Children who live in homes with visible mould problems have higher risks for asthma and allergies, a new research review finds.

Researchers found that across 61 international studies since the 1990s, children living in water-damaged, mouldy homes were more likely to have asthma, wheezing problems or nasal allergies than their peers.

While the findings do not prove that mould is the culprit, lab research has suggested that exposure to mould and airborne mould spores can create inflammation in the airways, said co-author Dr Christina Tischer, of the German Research Centre for Environmental Health in Neuherberg.

The study

These latest findings underscore the importance of not only getting rid of visible mould, but also preventing it in the first place, she said.

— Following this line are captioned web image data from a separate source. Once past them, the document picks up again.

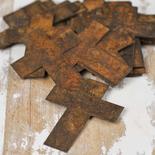 Bulk Primitive Rusty Tin Crosses
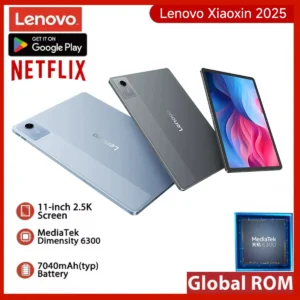 Global ROM Lenovo Xiaoxin Pad 11 2025 Tab 128GB 256GB Dimensity 6300 11" 2.5K Screen 7040mAh WIFI Android Pad Google Play Tablet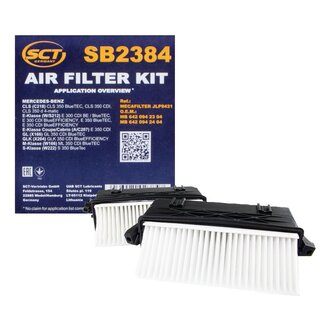 Filter set air filter SB 2384 + cabin air filter SAK 201 + oilfilter SH 4045 L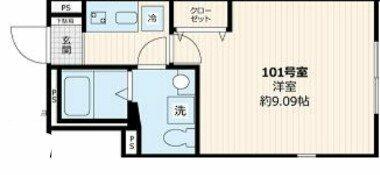 ベルシードステアー武蔵関 101｜東京都練馬区関町東１丁目(賃貸マンション1K・1階・25.90㎡)の写真 その2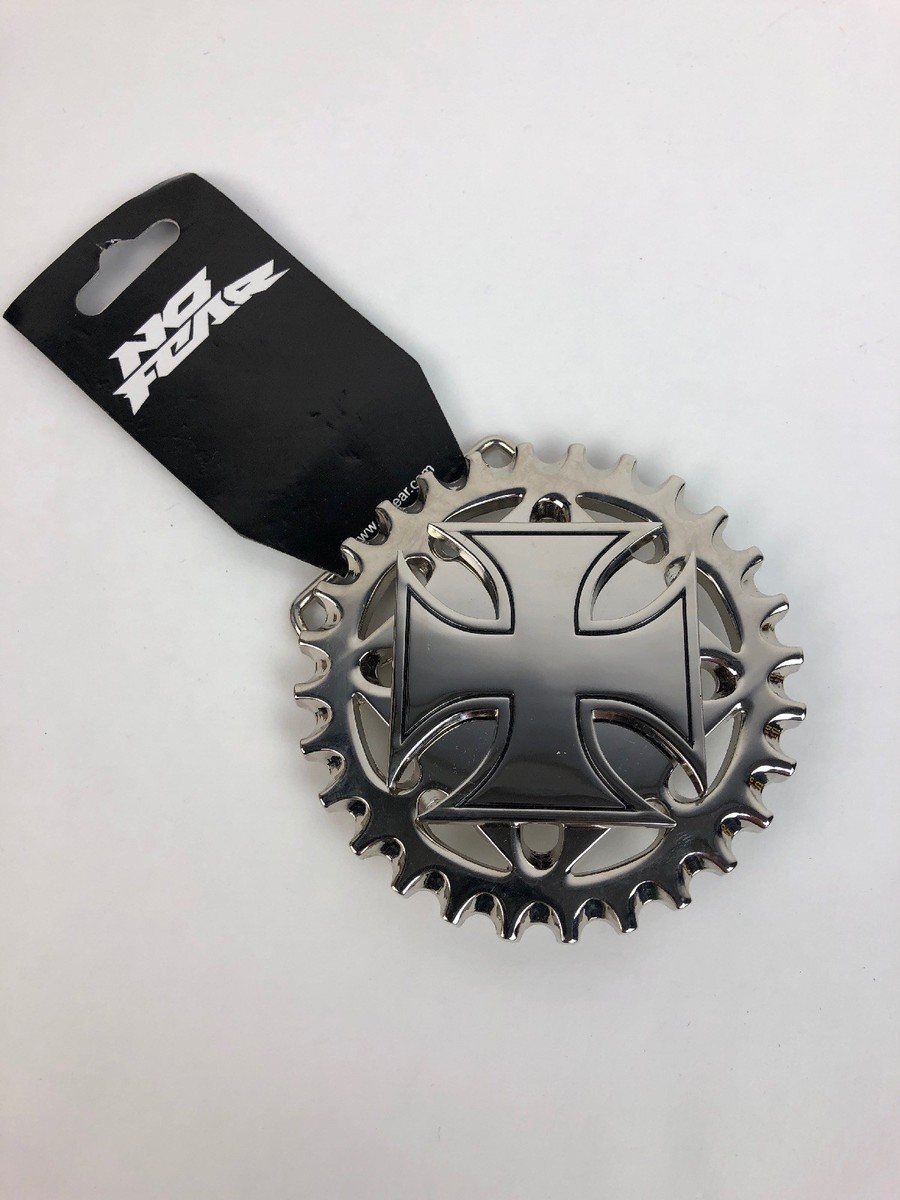 FLEI ポンチョ NOS No Fear 3.5” Spinner Belt Buckle MotorCycle Sprocket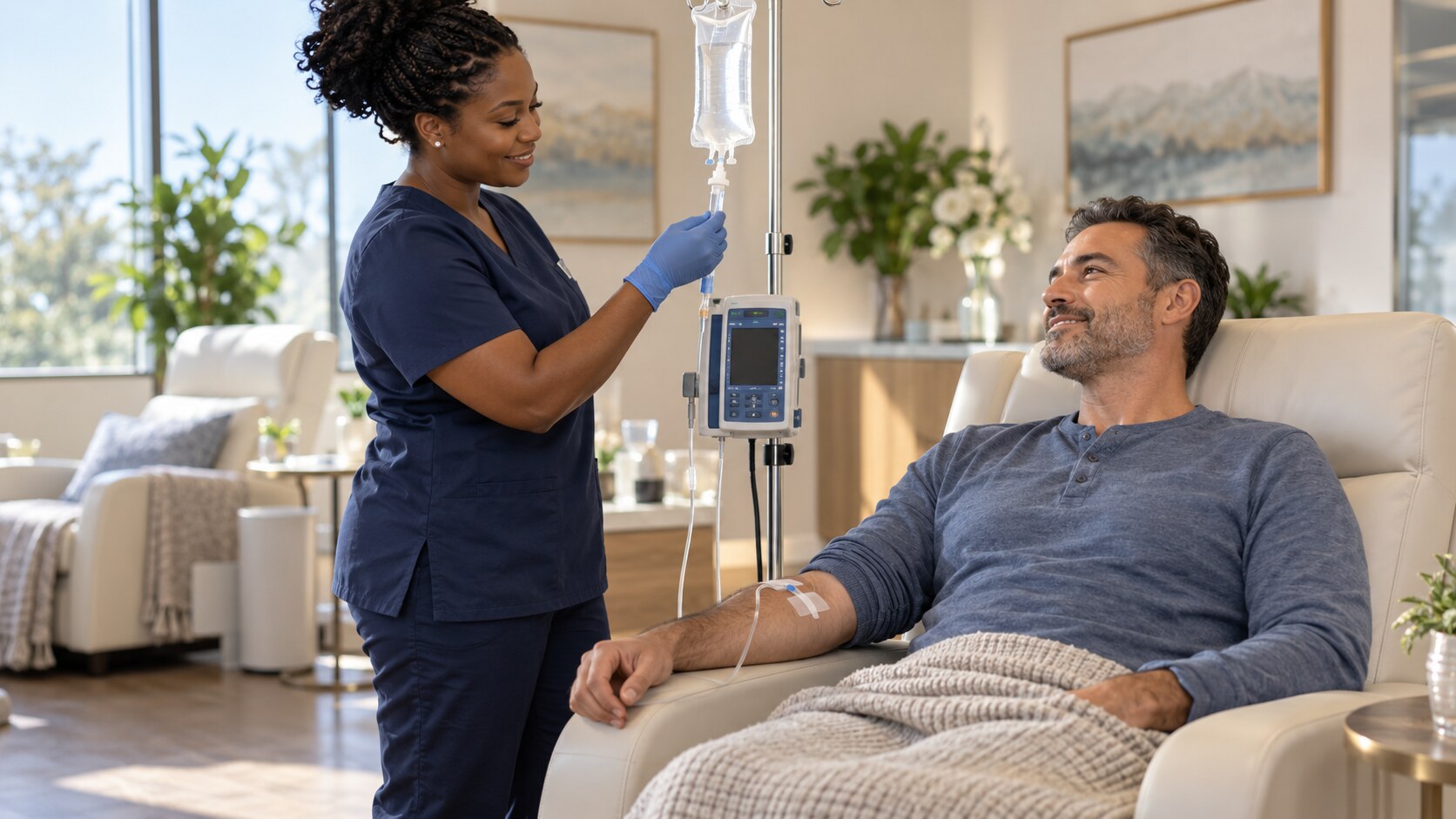 IV hydration documentation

For their review, Tischer and her colleagues separated studies that examined visible mould - the most obvious sign of a mould problem - from the smaller number in which researchers measured mould components in household dust samples.

They found that overall, children in homes with visible mould were 49% more likely to have asthma than unexposed kids, and 39% more likely to have nasal allergies.

The findings

Exposure to mould components in house dust was linked to a lower risk of those outcomes, the researchers reported May 3rd in the European Respiratory Journal.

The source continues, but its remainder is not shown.